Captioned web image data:
%%

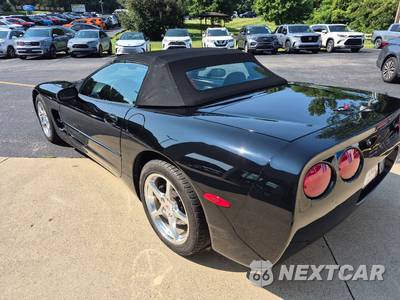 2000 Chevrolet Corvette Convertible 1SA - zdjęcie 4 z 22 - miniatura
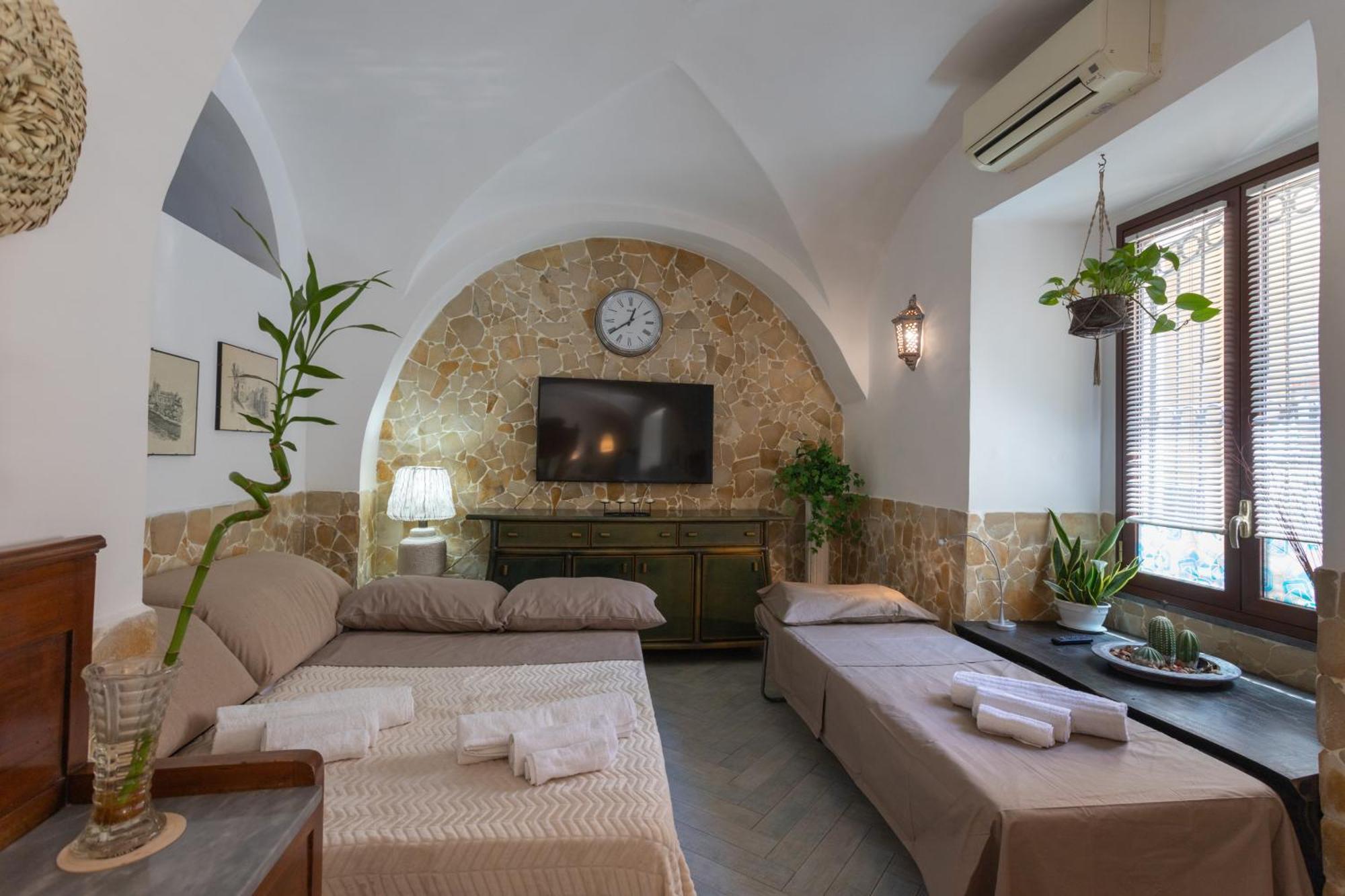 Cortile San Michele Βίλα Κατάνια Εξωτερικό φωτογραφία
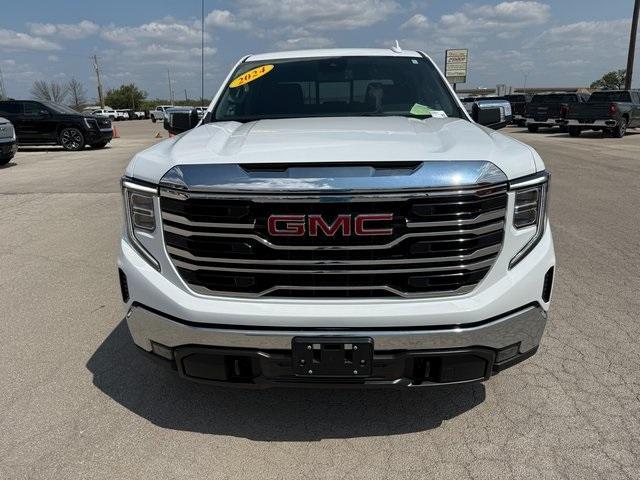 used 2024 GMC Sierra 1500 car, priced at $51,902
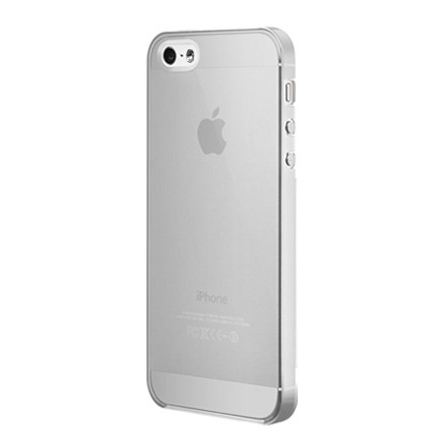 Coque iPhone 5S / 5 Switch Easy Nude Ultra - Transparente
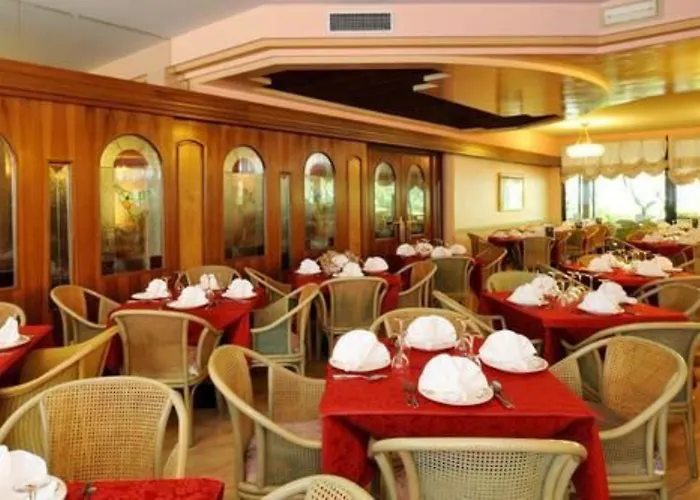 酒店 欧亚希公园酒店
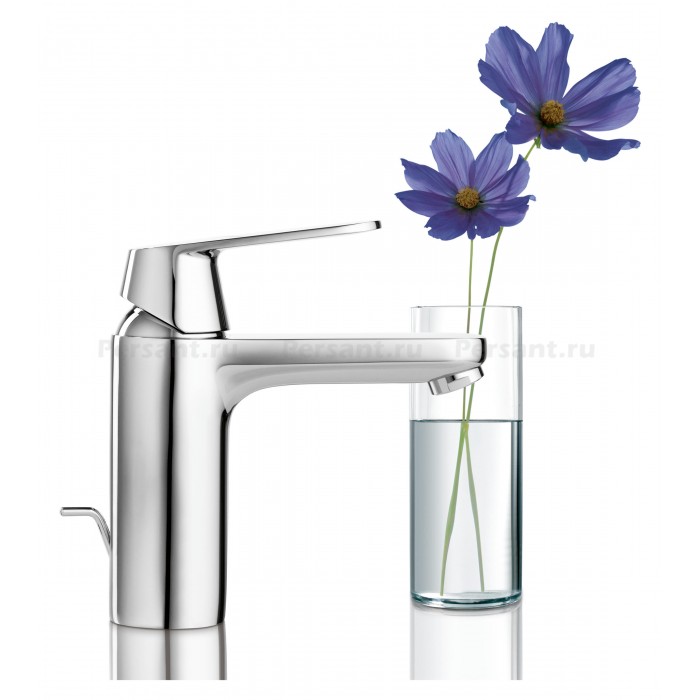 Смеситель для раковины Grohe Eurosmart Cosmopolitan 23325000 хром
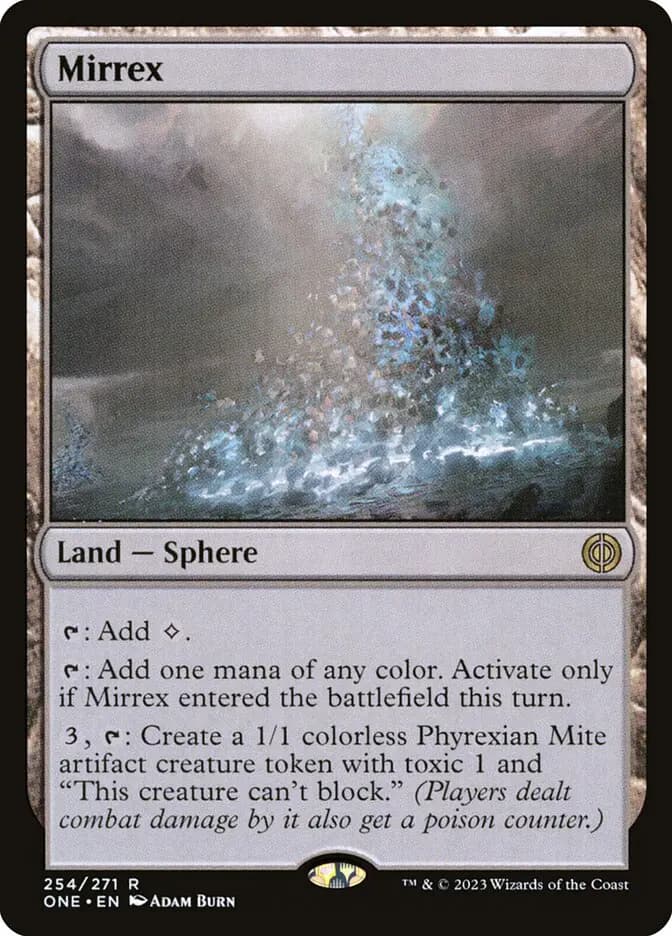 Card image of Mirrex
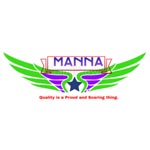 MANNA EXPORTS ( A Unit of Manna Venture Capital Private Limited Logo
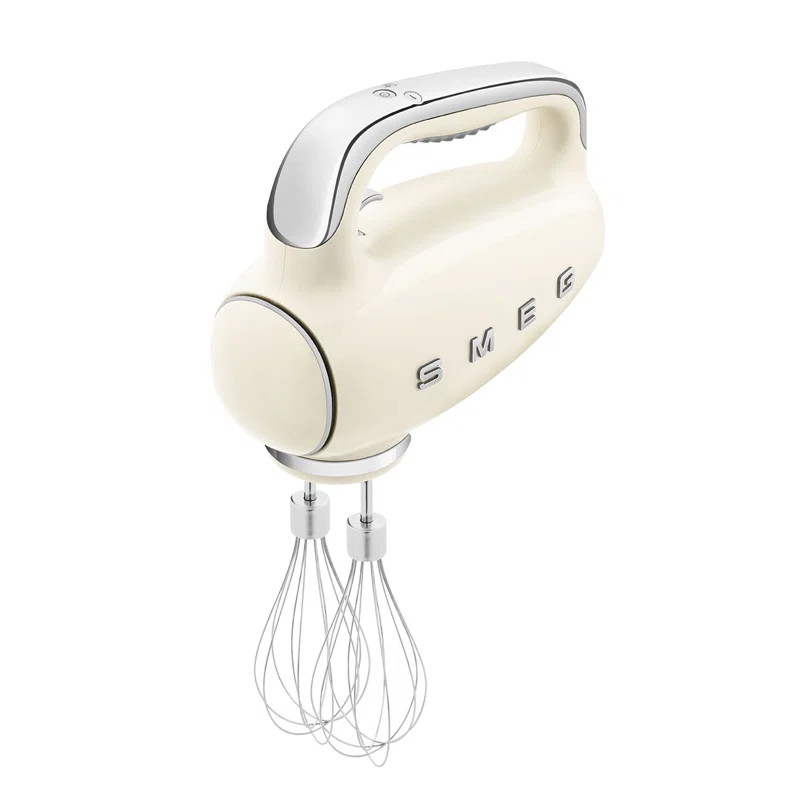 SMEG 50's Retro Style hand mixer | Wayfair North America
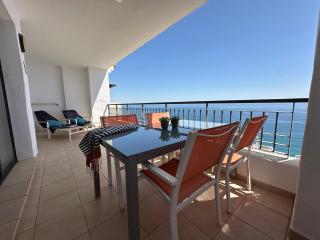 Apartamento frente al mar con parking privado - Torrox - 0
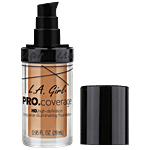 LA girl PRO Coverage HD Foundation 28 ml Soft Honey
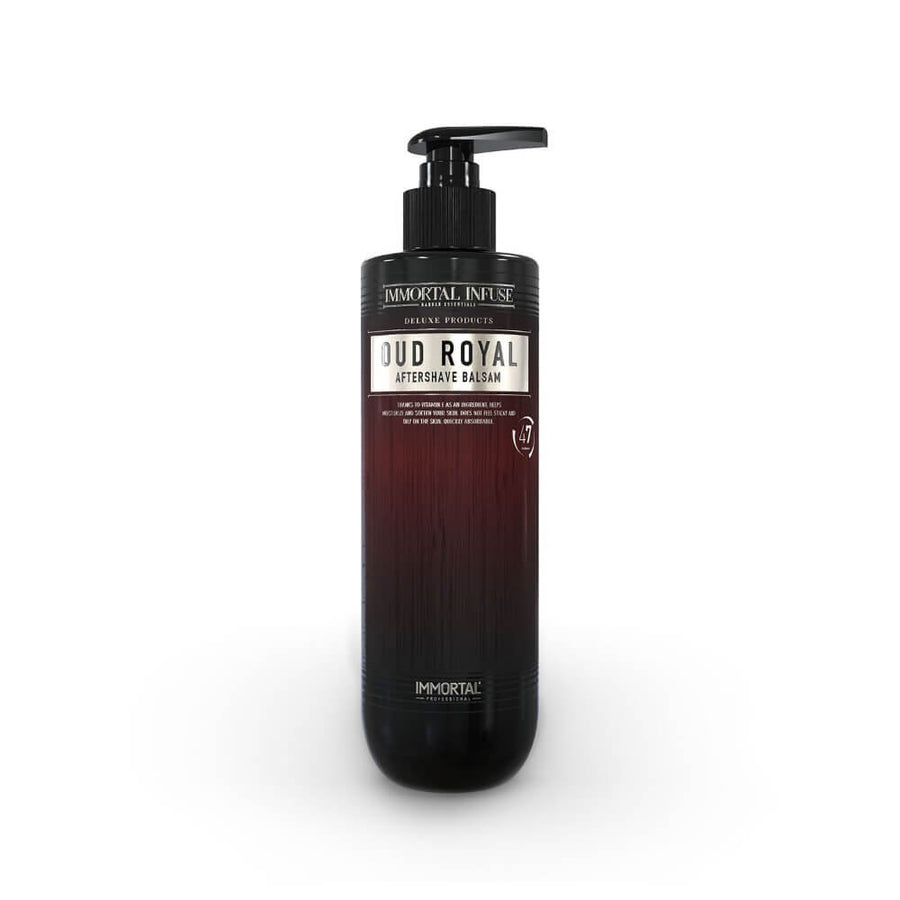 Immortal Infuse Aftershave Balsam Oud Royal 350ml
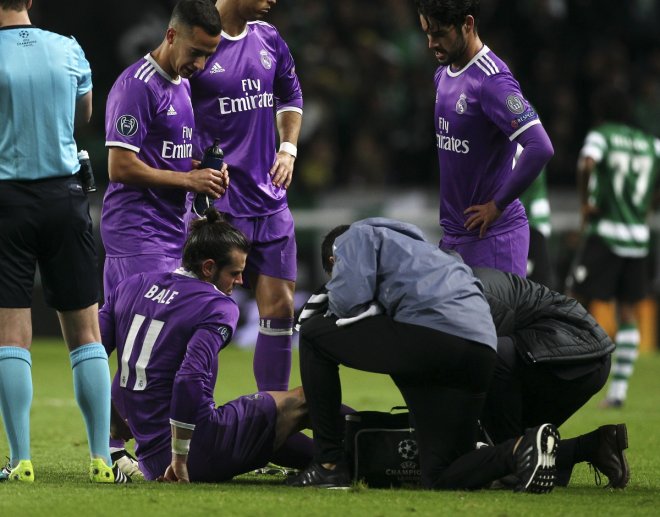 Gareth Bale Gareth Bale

%%

WORK REQUIRED: Could every line above be set down exactly, with the pictures omitted?

OUTPUT:
 2000 Chevrolet Corvette Convertible 1SA - zdjęcie 4 z 22 - miniatura
 Cortile San Michele Βίλα Κατάνια Εξωτερικό φωτογραφία
 used 2024 GMC Sierra 1500 car, priced at $51,902
 Coque iPhone 5S / 5 Switch Easy Nude Ultra - Transparente
 酒店 欧亚希公园酒店
 Смеситель для раковины Grohe Eurosmart Cosmopolitan 23325000 хром
 Card image of Mirrex
 MANNA EXPORTS ( A Unit of Manna Venture Capital Private Limited Logo
 SMEG 50's Retro Style hand mixer | Wayfair North America
 Apartamento frente al mar con parking privado - Torrox - 0
 LA girl PRO Coverage HD Foundation 28 ml Soft Honey
 Immortal Infuse Aftershave Balsam Oud Royal 350ml
 Gareth Bale Gareth Bale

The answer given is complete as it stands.